[DATA FOR ANALYSIS — start]
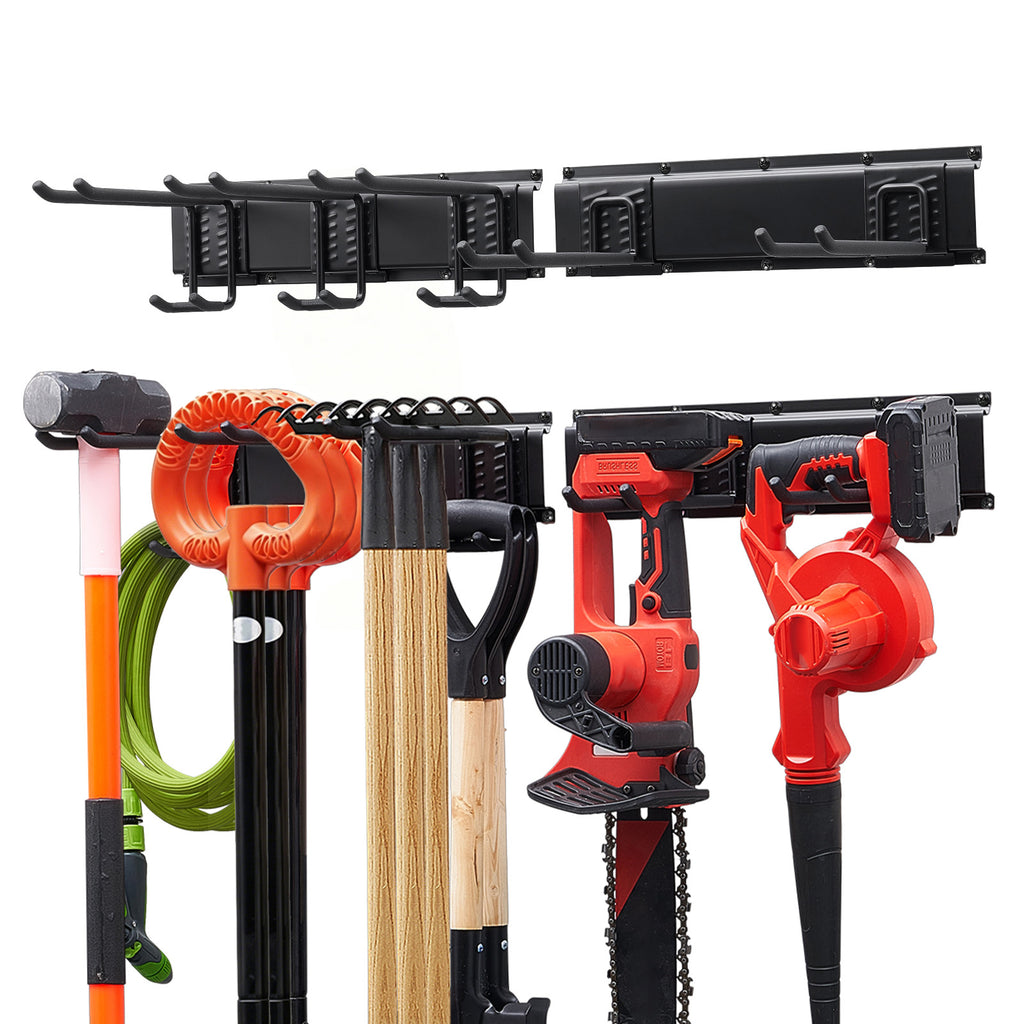 Garage Tool Organizer 33 Inch 400 Lbs Wall Mount Garden Tool Rack, Heavy Duty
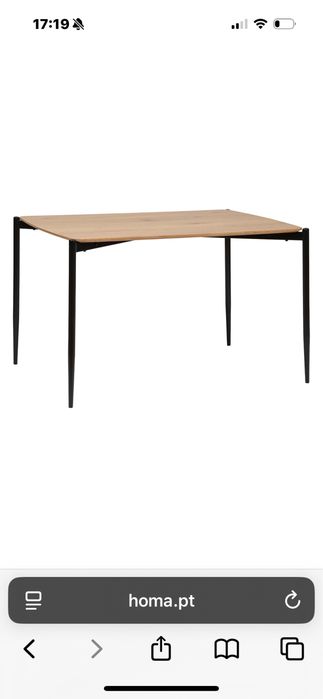 Mesa de Cozinha Moderna em MDF Castanho – Excelente Estado
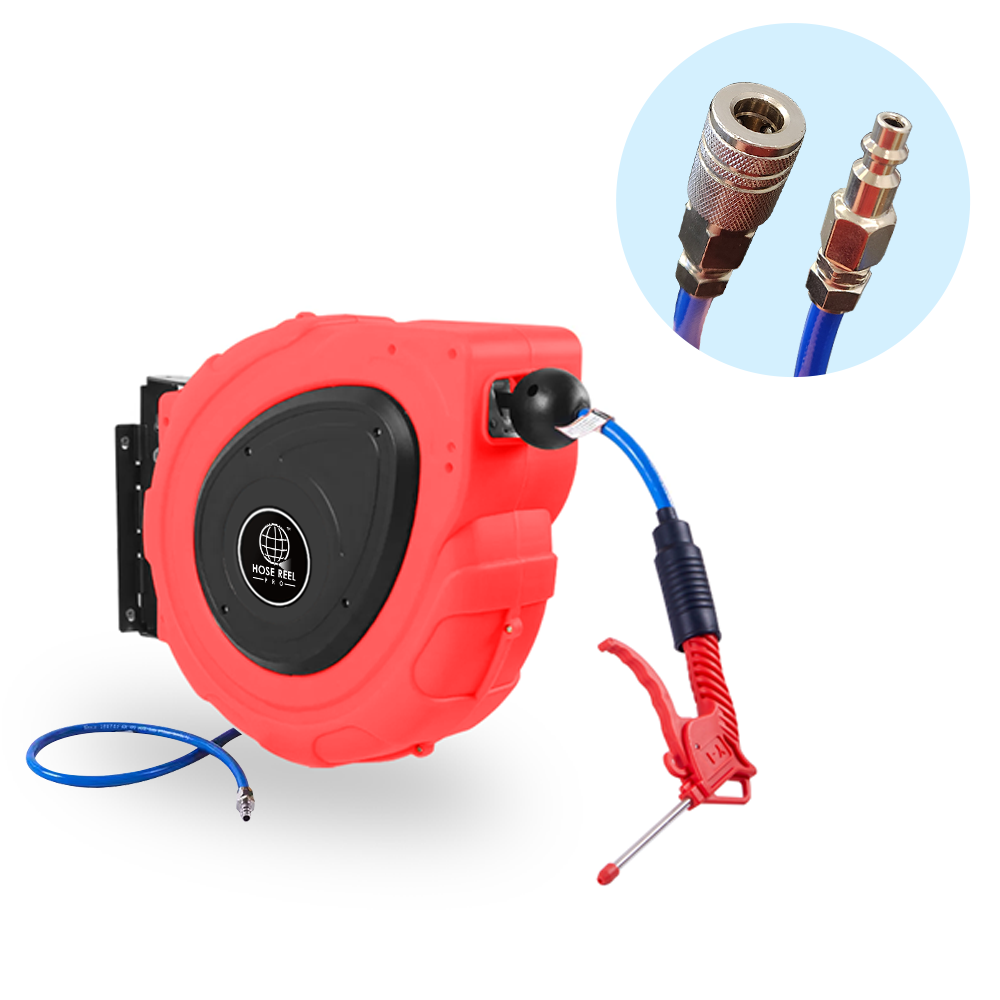 Red Air Hose Reel 65ft
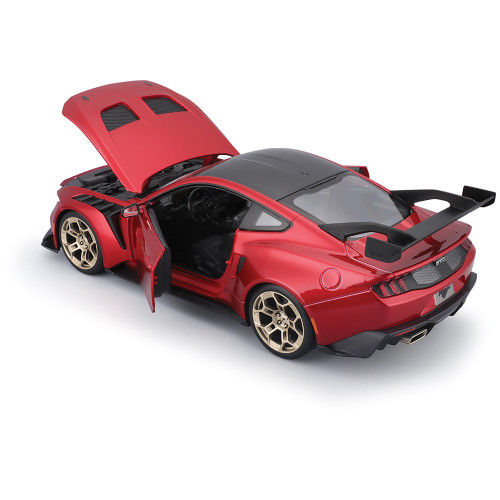 2025 Ford Mustang GTD - Red 1:18 Scale Diecast Model Car by Maisto Alt Image 2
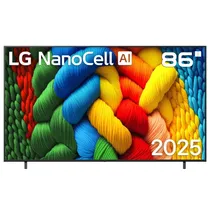 Smart TV LED LG 86" Nanocell Ai 86NANO80ASA 4K Ultra HD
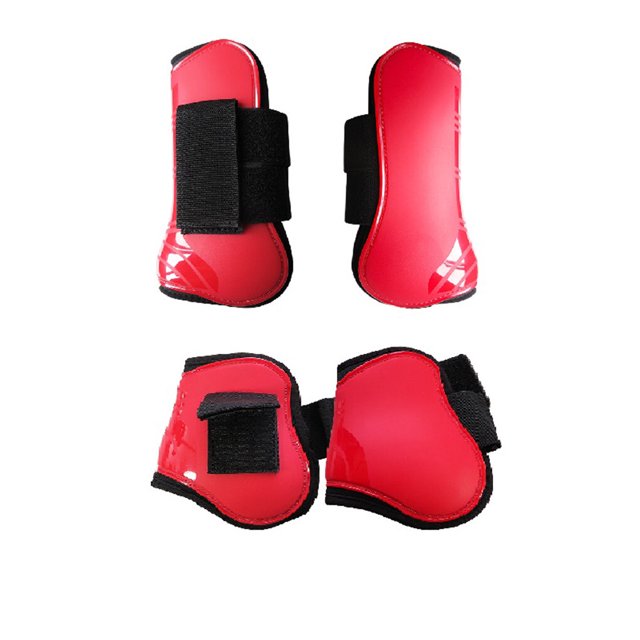 2 Paires de Fournitures Équestres Fixation Arrière Saut Équipement de Protection Réglable Léger avec Fixation en Nylon Bon Harnais Bonne Élasticité Rouge XL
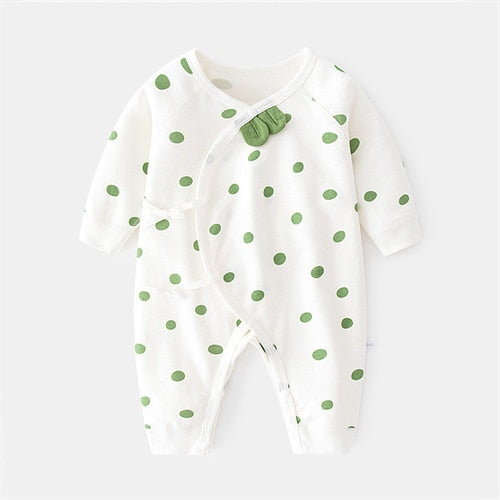 Pasgeboren baby romper/stevige zachte vrijetijdskleding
[DATA FOR ANALYSIS — finish]
TASK DETAILS
All lines from the one with "2 Paires de" through the end of the records above must be reproduced exactly, both ends included, and the pictures must be left out.

OUTPUT FOR THIS EXERCISE
 2 Paires de Fournitures Équestres Fixation Arrière Saut Équipement de Protection Réglable Léger avec Fixation en Nylon Bon Harnais Bonne Élasticité Rouge XL
 Pasgeboren baby romper/stevige zachte vrijetijdskleding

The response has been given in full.